De este modo, aceptamos que las calles se llenen de cámaras de vigilancia que reconocen ya hasta los más mínimos rasgos del rostro, que beneficios sociales ganados con el esfuerzo de las generaciones que nos precedieron se pierdan para superar crisis económicas creadas por vete a saber quién, o hasta a andar con mascarillas por espacios abiertos sin pararnos a pensar en su nula utilidad o en los perjuicios para nuestra salud, al contrario de lo que se esgrime.

Sólo hace falta que el miedo se apodere mínimamente de nosotros para que la capacidad de razón se pierda y nos convirtamos en autómatas sin pensamiento crítico, simplemente porque la autoridad ha decidido que eso es lo mejor para el supuesto bien colectivo; que, por cierto, suele significar habitualmente el bien de unos pocos. Porque una cuestión clave a plantearse en cualquier situación de crisis como la que vivimos es por qué ocurre o a quién benefician en realidad las medidas que se toman. Siempre hay y han habido intereses y objetivos escondidos bajo las apariencias. No es necesario tener tendencias conspiranoicas para reconocer ciertas evidencias. Como decía aquel: “que uno sea paranoico, no quiere decir que no lo persigan.”
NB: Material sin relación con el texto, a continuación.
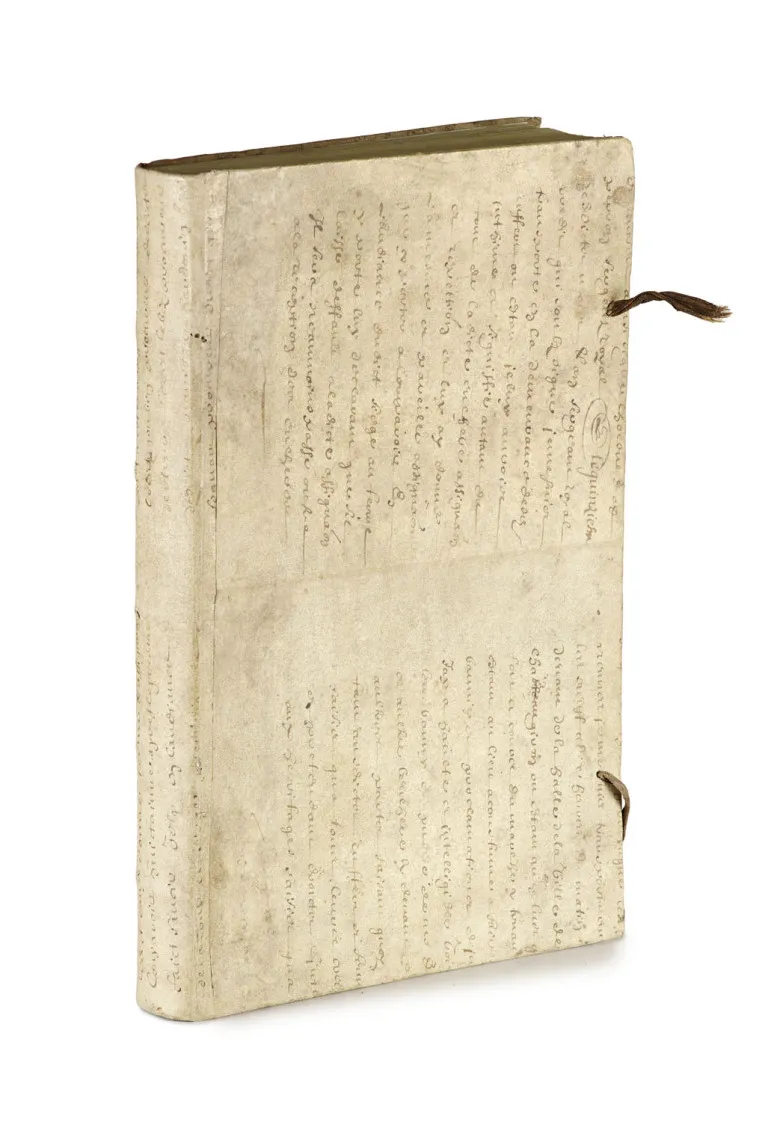 Blanco boek met ca. 230 lege bladen van lichtblauw geschept papier, ca. 1780 - 1820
La intoxicación comunicativa, las dificultades para acceder a distintas fuentes de información, la pereza de hacerlo porque exige la voluntad de no dejarse manipular, o la simple inexistencia de una verdad absoluta en la que refugiarse, pide tomar cierta distancia para no caer en la domesticación de los unos, de los otros o de los de más allá. Por ello, y puestos a escoger ser algún animal, quizás mejor emular a los gatos y su capacidad de enfrentarse a la vida desde cierta displicencia, dejando creer que están domesticados cuando en realidad son ellos los que tienen al amo bajo control.

Ser el gato del maravilloso Perich, por ejemplo.